There are a lot of factors that could come into play, obviously, as the offseason progresses. If the Indians deal Asdrubal Cabrera, things will get really interesting. Does that mean that Aviles moves into the shortstop role, and if he does, where would he hit? Will Jose Ramirez move into that role, in which case I would have to believe he hits ninth? Would Gomes move up to that pivotal six slot, or would David Murphy and Ryan Raburn move up, with a much more complete body of work?
What happens if Jose Ramirez is just too good not to play?
What happens if Jesus Aguilar continues to mature into something better than anyone suggests?
What happens if Francisco Lindor continues his sublime ascent through the system, and has to break into the lineup at some point?
What happens if the Indians make a surprise move in February, if a player falls into their lap?
Of course, the top of the lineup has some play as well. I think Carlos Santana is cemented as the clean-up hitter, but past that, what else could happen? I love the idea of Michael Brantley moving up to the lead-off slot full-time. I believe his IQ would trend to an improved OBP. I also love the idea of Kipnis moving up to the lead-off slot, or even move to the #2 slot behind Bourn or Brantley. What would you do with Swisher? I’d move him to the #5 hole for the same reason that Brantley is there. Of course, it would leave a massive hole in the #3 spot in the line-up, so that would have to be thought out a bit more, assuming Bourn is moved out of that lead-off spot.
No, the 2013 season shouldn’t be a cemented plan for Terry Francona, but the Indians do differ from many other small market teams in that they had the ability to acquire veteran talent to fill several holes.
They don’t have to piece-meal lineups, as the A’s clearly had to do (and very well), and the Rays as well (equally well), but they do have the ability to inter-mix their lineup with that type of precision, should Francona need to do that, and truthfully, what he did do for much of 2013.
My point here is that he has the focal pieces that any good club needs to build the rock solid foundation for a better-than-expected offense in 2014.
Don’t be surprised if they surpass their 2013 numbers and make a run at a top three or four offense in all of baseball.
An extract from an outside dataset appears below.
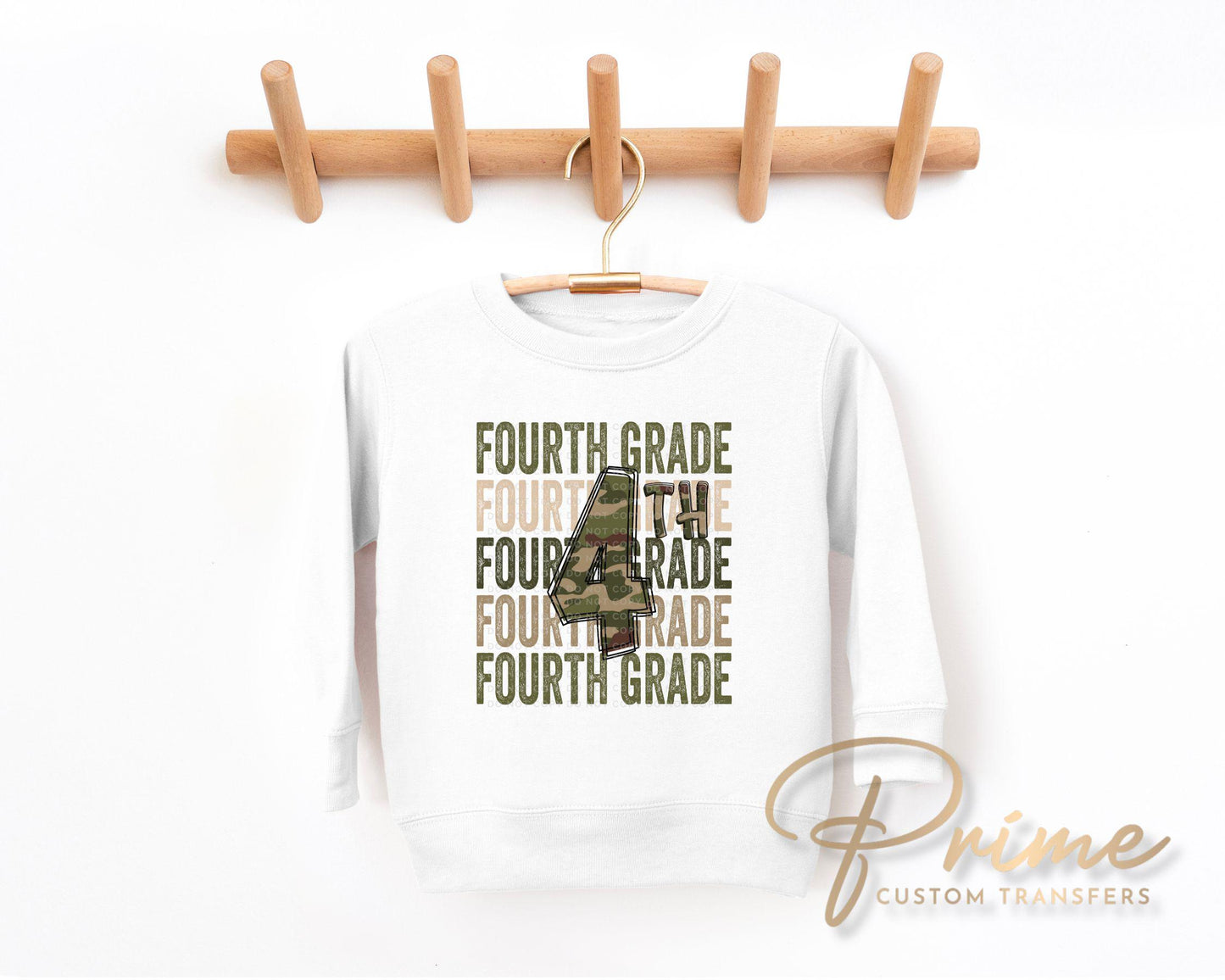 Fourth Grade DTF Transfer, First Day of School, Heat Transfer, Ready to Press, Direct to Film, Camo, Camouflage, 4th, First Day of School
Some will point to the Yankees improvements, but they’ve lost Robinson Cano. Boston had over 800 runs last year, but they lost Jacoby Ellsbury, and David Ortiz is going to be 38. Mike Napoli isn’t getting any younger, and does anyone think that A.J. Pierzynski has upside? The Tigers have many questions with Prince Fielder gone. The Cardinals have a ton of turnover (they may be better though). The Angels have it all on paper, just like they did last year, when they finished behind the Indians. Then there are the Rangers.
My point here is that I could see this lineup competing with most of the teams I listed in the previous paragraph. They did it last year, and I think we all can agree that there were more runs on the table. They will be better this year, and while on paper there will be better looking offensive clubs, many just won’t produce like the tried and true players that the Indians have acquired.
This Indians offense is better than you think, but don’t take my word for it. Wait until they show it on the field in 2014.